Revendiquant la singularité de sa démarche, Journiac se veut responsable et actif de l’existence dans l’image de ceux devant qui il s’est trouvé quand il a appuyé sur le déclencheur. Mais est-ce Journiac qui déclenche le cliché ? La plupart du temps non. Il est bien le metteur en scène des images qu’il fabrique dans la totalité de leur contenu, il en endosse la responsabilité mais il n’a que faire de l’exécutant. Le preneur de vue est secondaire. Ainsi la question de l’auteur est déplacée vers celle de l’acteur.

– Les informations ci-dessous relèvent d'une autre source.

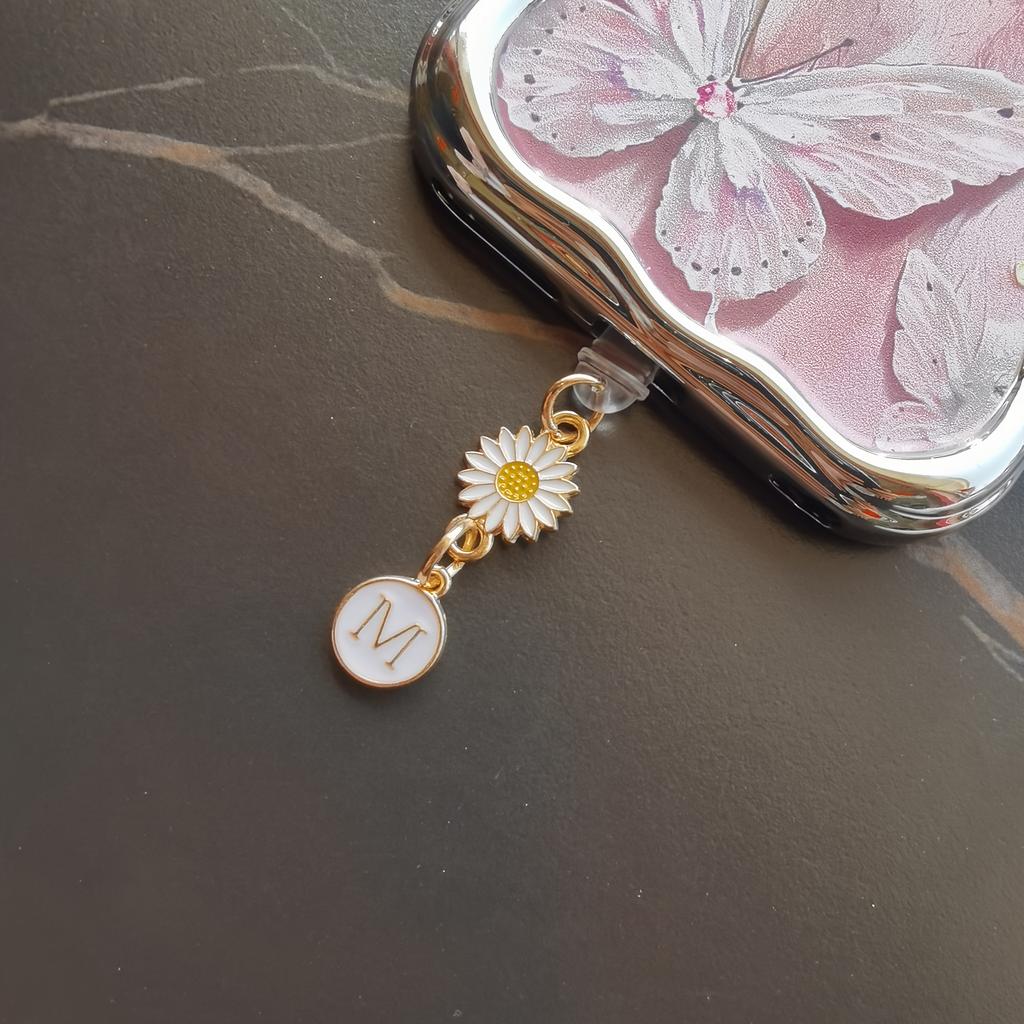 1 szt. Kreatywny stokrotka/słonecznik litera zatyczka przeciwkurzowa do telefonu komórkowego/europejskie i amerykańskie 26 wielkich liter A-Z zawieszka do telefonu komórkowego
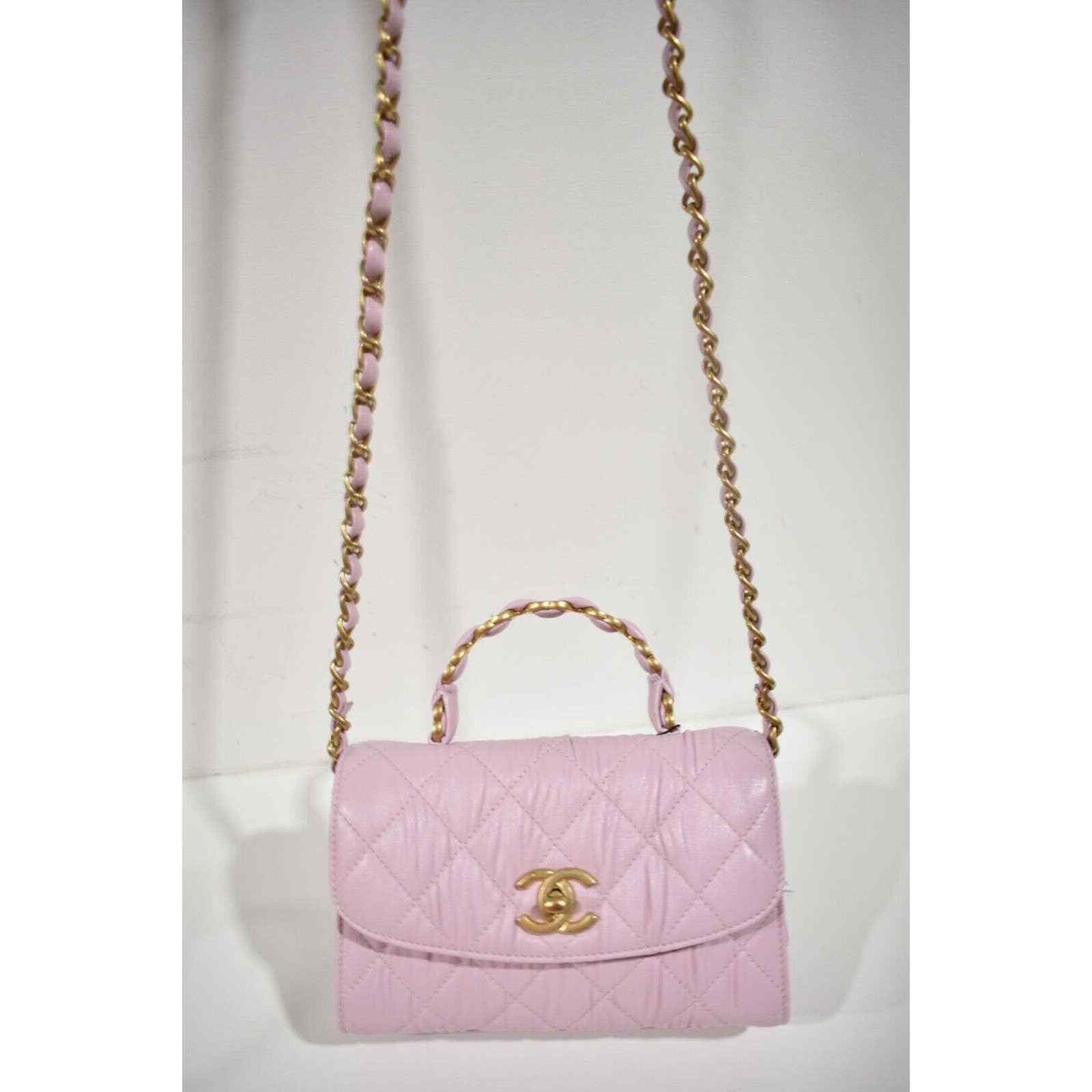 Chanel Chanel Mini Flap Top Handle Gold Chain Quilted Crossbody Bag Size ONE SIZE - 4 Thumbnail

De même, ses titres vont à l’essentiel des images, rien de superflu : les Substituts, Hommage à Freud, L’inceste, 24h de la vie d’une femme, Rituel du sang, Rituel pour un autre, Rituel pour un mort… Journiac énonce simplement ses intentions, laissant à l’image sa force originelle.

Prophétique, son oeuvre dégage une véritable énergie poétique, privilégiant l’écart, l’affût, le saut de côté, motivée par un état d’esprit totalement émancipé et libre. Elle apparaît aujourd’hui comme contemporaine, tant sa démarche et ses oeuvres vibrent encore dans le quotidien qui est le nôtre.


Un livre, publié aux éditions Xavier Barral, accompagne l’exposition.